● **Exercise prompt**
It is required that the lines from the top of the listing through the line with "You can either" be reproduced exactly, excluding pictures.

● **Provided material**
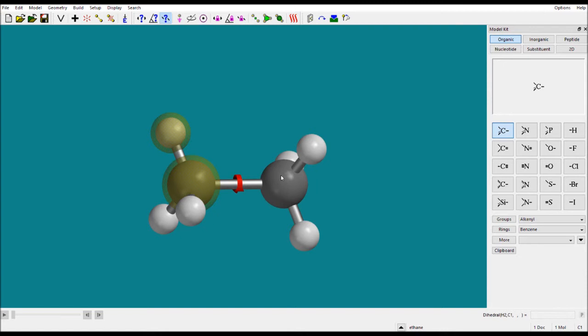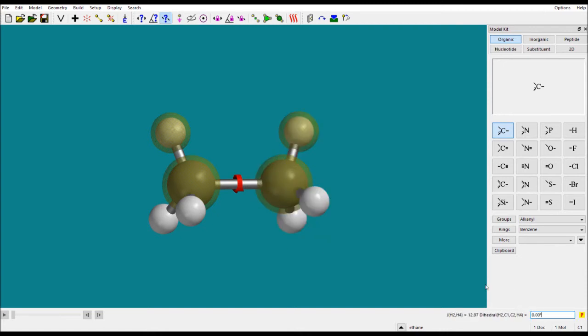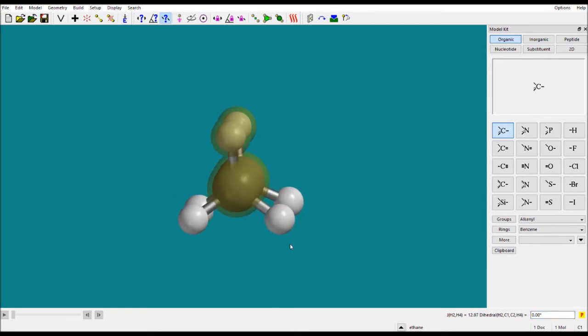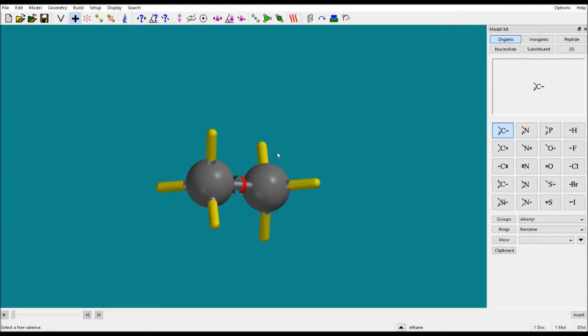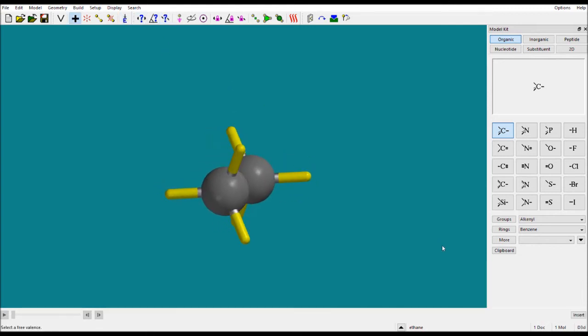The dihedral angle is shown here — for example, 180 degrees. If you want to make it 0, press Enter and now the molecule is in eclipsed form. You can see the molecular symmetry displayed in the corner. If you want the staggered form, press E to minimize. Now this is the staggered form with D3H symmetry.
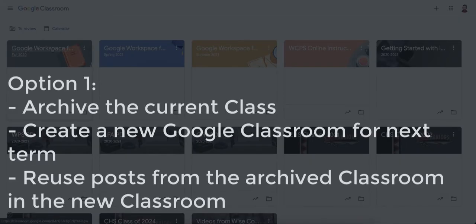You can either completely archive this class, create a brand new class for the following year, and then pull from that archived class when you do reuse post.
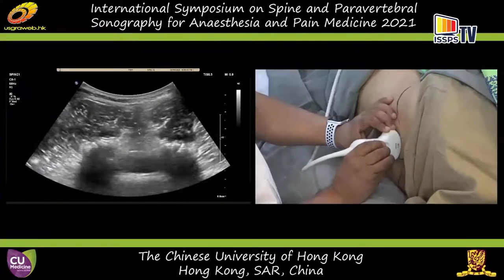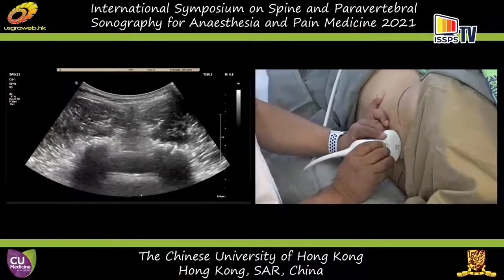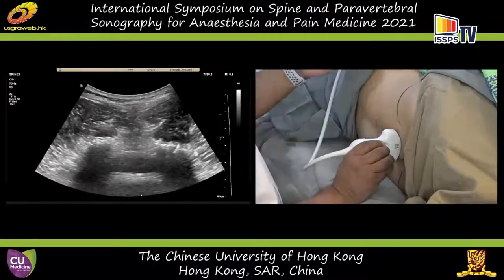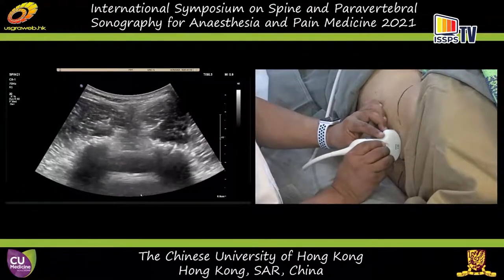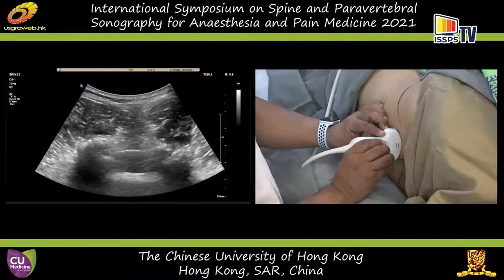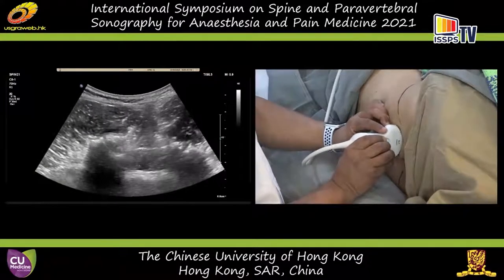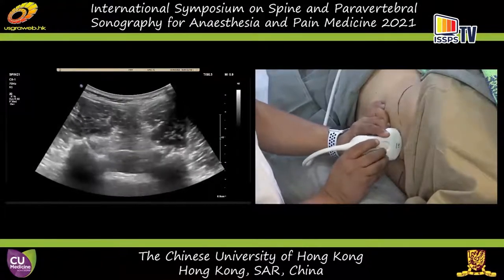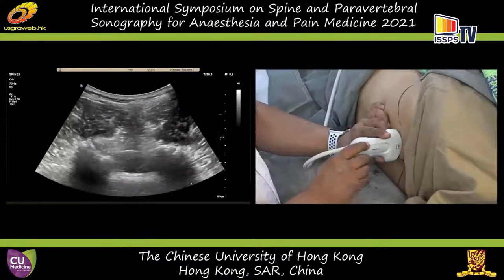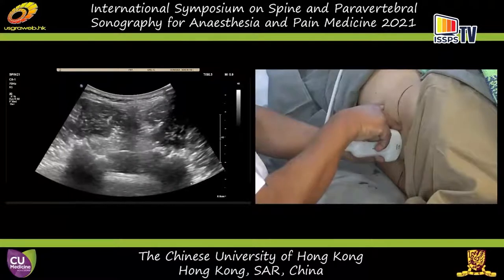You can go further up — this is your L4-L5 transverse interspinous view. On the dependent side, which is his left, you can see the facet joints very nicely — the articular processes — and possibly the facet joint with the hypoechoic gap there. You can see the posterior dura and the anterior complex. If I were to do a spinal injection here, for dexterity you can do it from this side, but it is going to come from the non-dependent side.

● **Solution to the exercise**
The dihedral angle is shown here — for example, 180 degrees. If you want to make it 0, press Enter and now the molecule is in eclipsed form. You can see the molecular symmetry displayed in the corner. If you want the staggered form, press E to minimize. Now this is the staggered form with D3H symmetry.
You can either completely archive this class, create a brand new class for the following year, and then pull from that archived class when you do reuse post.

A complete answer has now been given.